# DATA BLOCK:
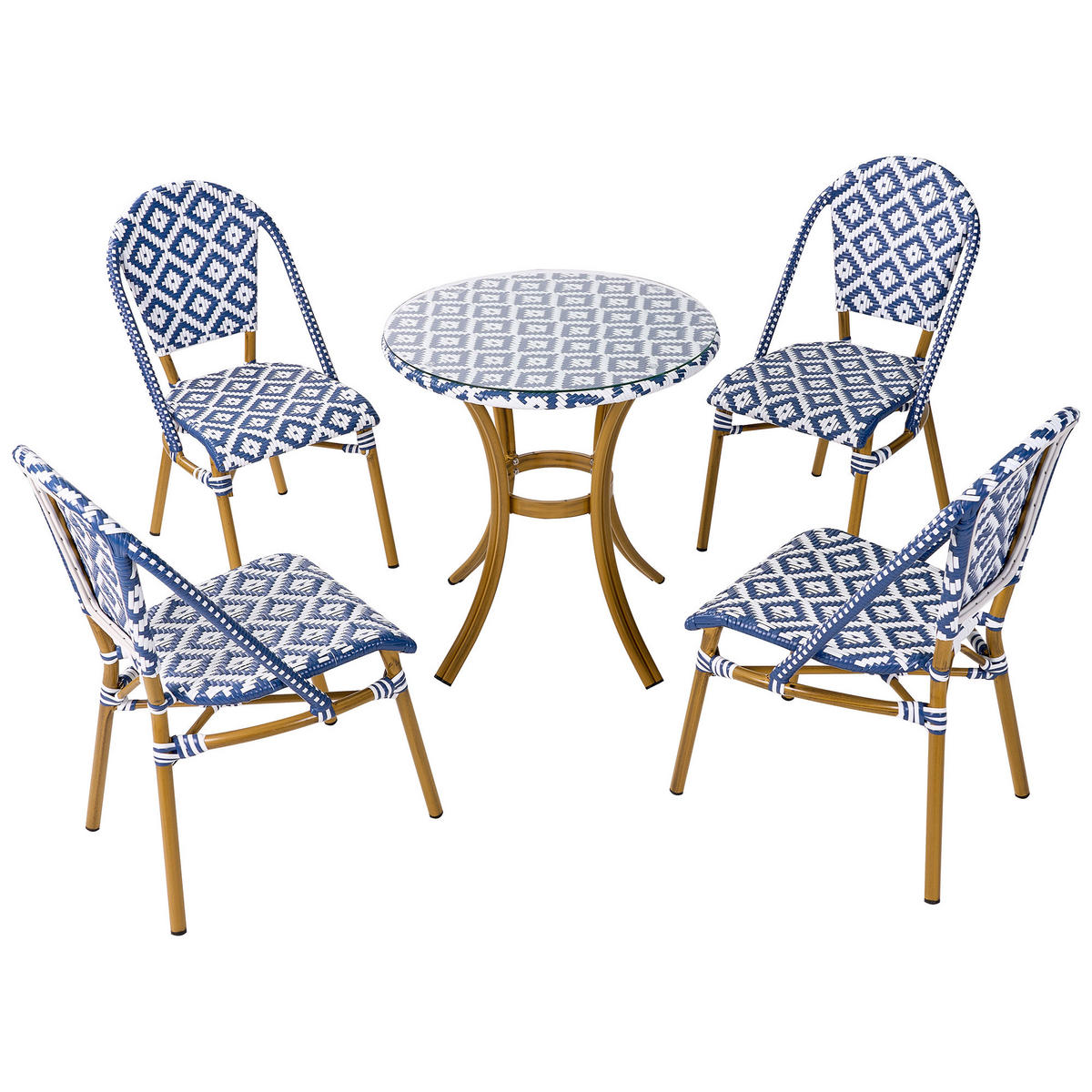 GARTENMÖBEL-SET 4-Sitzer Naturfarben Rifreddo - Blau/Beige, Kunststoff - Beliani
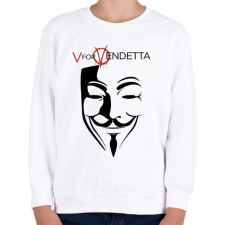 PRINTFASHION V for Vendetta - Gyerek pulóver - Fehér gyerek pulóver, kardigán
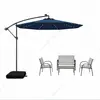 CostwayParasol Déporté 3m LED Solaire Imperméable Bleu + Salon de Jard...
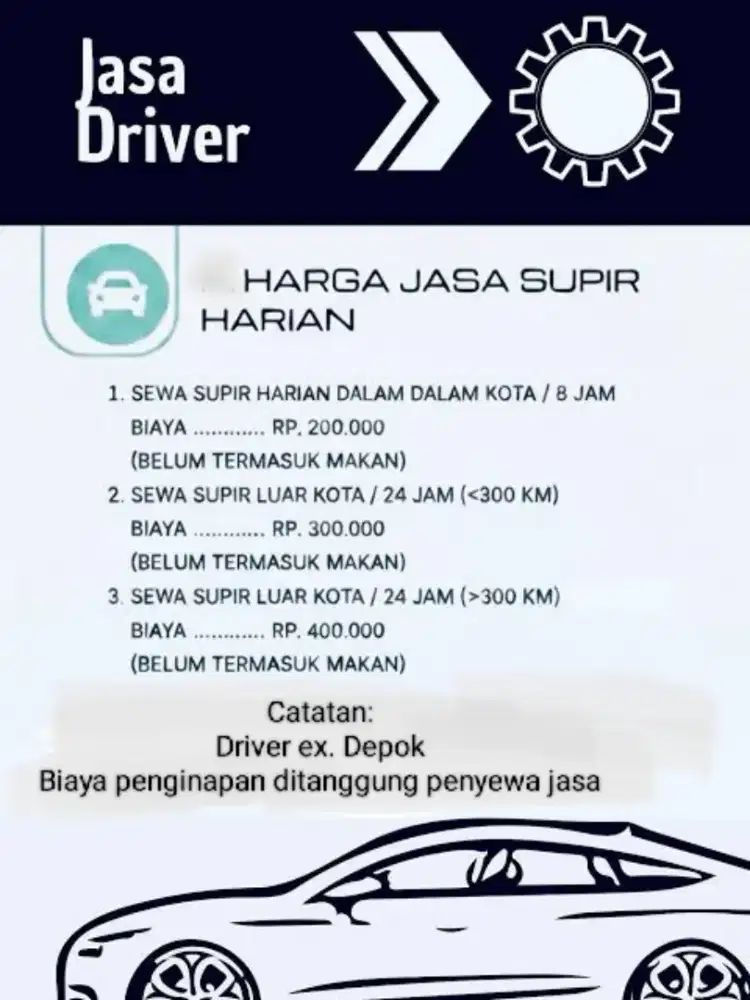 Supir Harian/ Sewaktu Dalam dan Luar Kota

# YOUR OBJECTIVE:
The copy runs from the line containing "CostwayParasol Déporté 3m" through the last line of the material, both ends included. Reproduce those lines exactly and drop the pictures.

# SOLUTION TO THIS EXERCISE:
 CostwayParasol Déporté 3m LED Solaire Imperméable Bleu + Salon de Jard...
 Supir Harian/ Sewaktu Dalam dan Luar Kota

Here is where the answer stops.